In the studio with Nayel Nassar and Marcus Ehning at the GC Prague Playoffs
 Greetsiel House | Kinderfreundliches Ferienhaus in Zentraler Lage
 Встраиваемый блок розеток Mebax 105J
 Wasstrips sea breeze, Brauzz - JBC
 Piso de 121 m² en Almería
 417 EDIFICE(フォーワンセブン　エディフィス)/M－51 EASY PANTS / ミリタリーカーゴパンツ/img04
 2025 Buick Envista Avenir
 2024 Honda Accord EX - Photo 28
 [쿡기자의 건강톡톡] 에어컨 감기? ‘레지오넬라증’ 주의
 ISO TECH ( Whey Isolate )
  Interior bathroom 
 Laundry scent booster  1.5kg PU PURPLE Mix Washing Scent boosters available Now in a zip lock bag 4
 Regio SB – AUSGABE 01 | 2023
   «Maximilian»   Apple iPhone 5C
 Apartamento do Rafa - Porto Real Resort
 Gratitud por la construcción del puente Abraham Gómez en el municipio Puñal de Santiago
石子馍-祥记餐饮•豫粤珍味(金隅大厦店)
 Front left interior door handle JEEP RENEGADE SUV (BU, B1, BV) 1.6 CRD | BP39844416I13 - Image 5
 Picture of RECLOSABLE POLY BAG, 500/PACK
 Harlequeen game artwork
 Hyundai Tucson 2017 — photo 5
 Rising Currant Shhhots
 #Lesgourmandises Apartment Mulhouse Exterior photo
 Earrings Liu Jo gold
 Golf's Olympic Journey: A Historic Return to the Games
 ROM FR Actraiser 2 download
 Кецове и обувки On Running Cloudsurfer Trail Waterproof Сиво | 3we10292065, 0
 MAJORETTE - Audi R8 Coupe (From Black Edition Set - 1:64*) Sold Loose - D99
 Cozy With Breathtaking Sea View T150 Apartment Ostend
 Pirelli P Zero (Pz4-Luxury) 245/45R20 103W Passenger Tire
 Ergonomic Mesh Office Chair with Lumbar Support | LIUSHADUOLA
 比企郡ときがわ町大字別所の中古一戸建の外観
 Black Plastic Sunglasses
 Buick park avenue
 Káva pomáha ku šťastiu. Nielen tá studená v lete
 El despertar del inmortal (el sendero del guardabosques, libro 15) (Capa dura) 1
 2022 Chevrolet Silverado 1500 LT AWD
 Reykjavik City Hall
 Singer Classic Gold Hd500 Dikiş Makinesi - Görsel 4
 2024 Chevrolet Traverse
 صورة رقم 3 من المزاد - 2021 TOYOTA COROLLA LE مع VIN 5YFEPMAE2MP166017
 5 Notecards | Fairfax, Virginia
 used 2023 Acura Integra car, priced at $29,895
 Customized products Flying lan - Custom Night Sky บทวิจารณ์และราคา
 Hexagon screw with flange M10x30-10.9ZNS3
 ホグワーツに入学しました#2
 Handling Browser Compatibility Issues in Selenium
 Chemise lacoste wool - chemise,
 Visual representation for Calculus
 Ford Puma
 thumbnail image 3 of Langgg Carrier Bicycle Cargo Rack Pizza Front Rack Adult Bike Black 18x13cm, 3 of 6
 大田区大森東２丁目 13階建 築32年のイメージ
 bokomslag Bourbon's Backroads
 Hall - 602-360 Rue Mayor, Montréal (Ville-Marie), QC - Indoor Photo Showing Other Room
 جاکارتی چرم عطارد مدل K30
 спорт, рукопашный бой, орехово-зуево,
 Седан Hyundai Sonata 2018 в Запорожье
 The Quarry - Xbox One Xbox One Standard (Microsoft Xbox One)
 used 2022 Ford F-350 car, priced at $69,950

_Exercise brief_
Your output should be an exact transcription of the line that holds "Cozy With Breathtaking" and each line after it through the end of the listing above.

_Result_
 Cozy With Breathtaking Sea View T150 Apartment Ostend
 Pirelli P Zero (Pz4-Luxury) 245/45R20 103W Passenger Tire
 Ergonomic Mesh Office Chair with Lumbar Support | LIUSHADUOLA
 比企郡ときがわ町大字別所の中古一戸建の外観
 Black Plastic Sunglasses
 Buick park avenue
 Káva pomáha ku šťastiu. Nielen tá studená v lete
 El despertar del inmortal (el sendero del guardabosques, libro 15) (Capa dura) 1
 2022 Chevrolet Silverado 1500 LT AWD
 Reykjavik City Hall
 Singer Classic Gold Hd500 Dikiş Makinesi - Görsel 4
 2024 Chevrolet Traverse
 صورة رقم 3 من المزاد - 2021 TOYOTA COROLLA LE مع VIN 5YFEPMAE2MP166017
 5 Notecards | Fairfax, Virginia
 used 2023 Acura Integra car, priced at $29,895
 Customized products Flying lan - Custom Night Sky บทวิจารณ์และราคา
 Hexagon screw with flange M10x30-10.9ZNS3
 ホグワーツに入学しました#2
 Handling Browser Compatibility Issues in Selenium
 Chemise lacoste wool - chemise,
 Visual representation for Calculus
 Ford Puma
 thumbnail image 3 of Langgg Carrier Bicycle Cargo Rack Pizza Front Rack Adult Bike Black 18x13cm, 3 of 6
 大田区大森東２丁目 13階建 築32年のイメージ
 bokomslag Bourbon's Backroads
 Hall - 602-360 Rue Mayor, Montréal (Ville-Marie), QC - Indoor Photo Showing Other Room
 جاکارتی چرم عطارد مدل K30
 спорт, рукопашный бой, орехово-зуево,
 Седан Hyundai Sonata 2018 в Запорожье
 The Quarry - Xbox One Xbox One Standard (Microsoft Xbox One)
 used 2022 Ford F-350 car, priced at $69,950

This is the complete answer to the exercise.